Courts hold white employees who allege racial discrimination to a slightly higher standard than members of other protected classes. That’s because the legal system presumes that it would be an unusual employer that discriminates against the majority.
The higher standard is met if the white employee can show that the decision-maker is a member of another protected class. That is, if the white employee can show the boss who made the termination decision is black, he might have enough evidence to meet the higher proof requirement.

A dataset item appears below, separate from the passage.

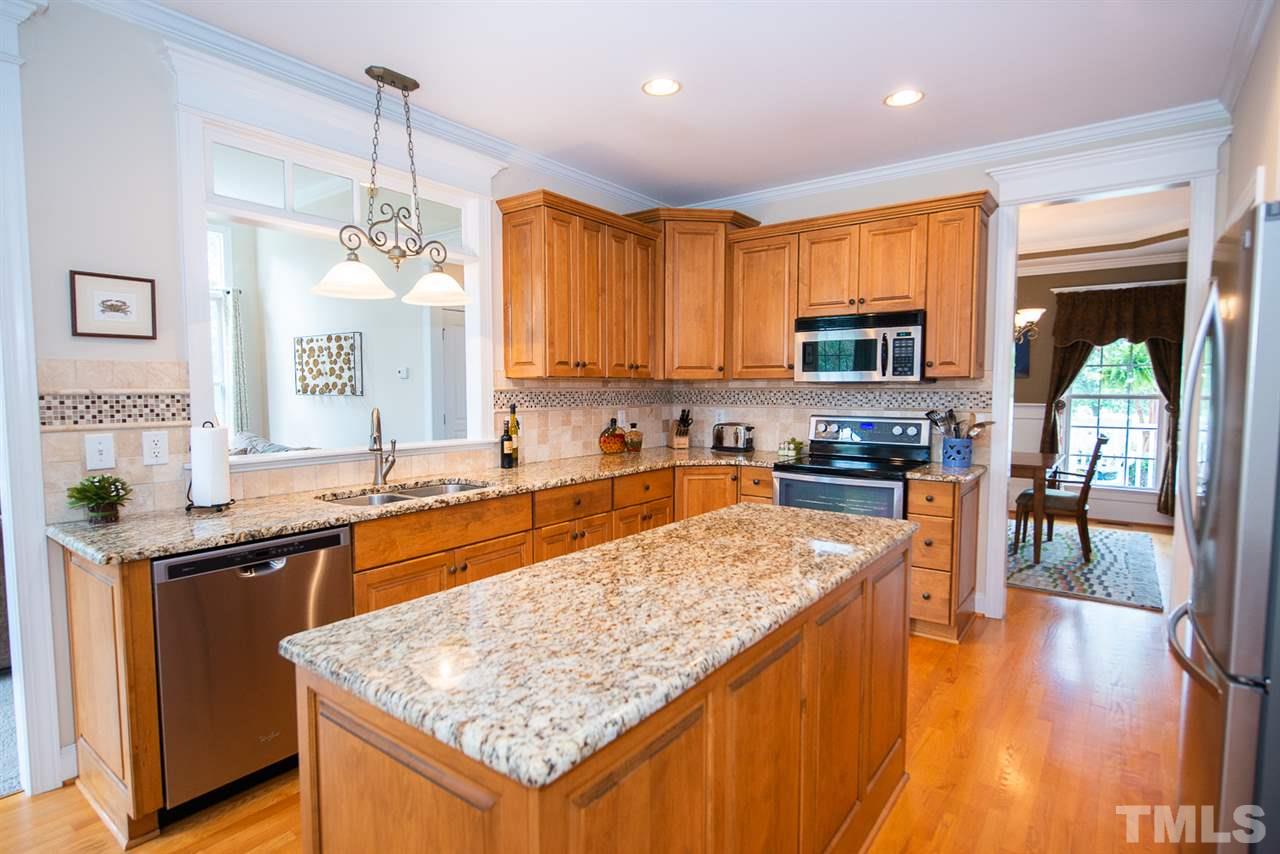 81 Rand Road Raleigh, NC 27603 - Photo 10 of 24 a kitchen with stainless steel appliances granite countertop wooden cabinets a stove top oven a sink and dishwasher with wooden floor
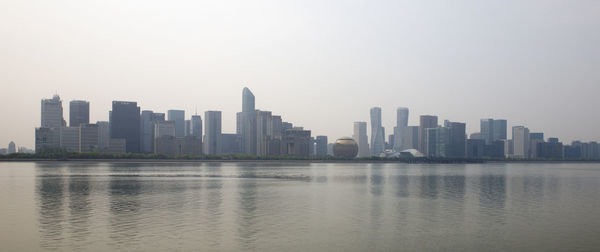 Modern buildings in city against clear sky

Recent case: Kathleen Leavey, who is white, worked as corporate counsel for Detroit, a city led by a black mayor. During a conference call between city officials and those of a local court in which the city had several pending cases, Leavey allegedly said the court was “ghetto,” starting work late and treating people poorly.
The judge in charge, who is black, complained to the mayor’s office. Leavey was then pressured to resign.
She sued, alleging reverse discrimination.
The court said because the mayor, the judge and her supervisor were all black, Leavey had met the first part of her burden of proof: She had shown that this might be the unusual employer that discriminates against the majority.
Fortunately for Detroit, the court dismissed the case on other grounds. Leavey couldn’t show that the city’s stated discharge reason—Leavey’s poor choice of words to describe the court—was merely an excuse to fire her because she was white. (Leavey v. City of Detroit, No. 10-2064, 6th Cir., 2012)
Final note: A legitimate discharge reason untainted by prejudice, retaliation or other illegal motivations is always the best defense to discrimination charges. Just make sure you can show that you would have fired any employee who engaged in the same misbehavior.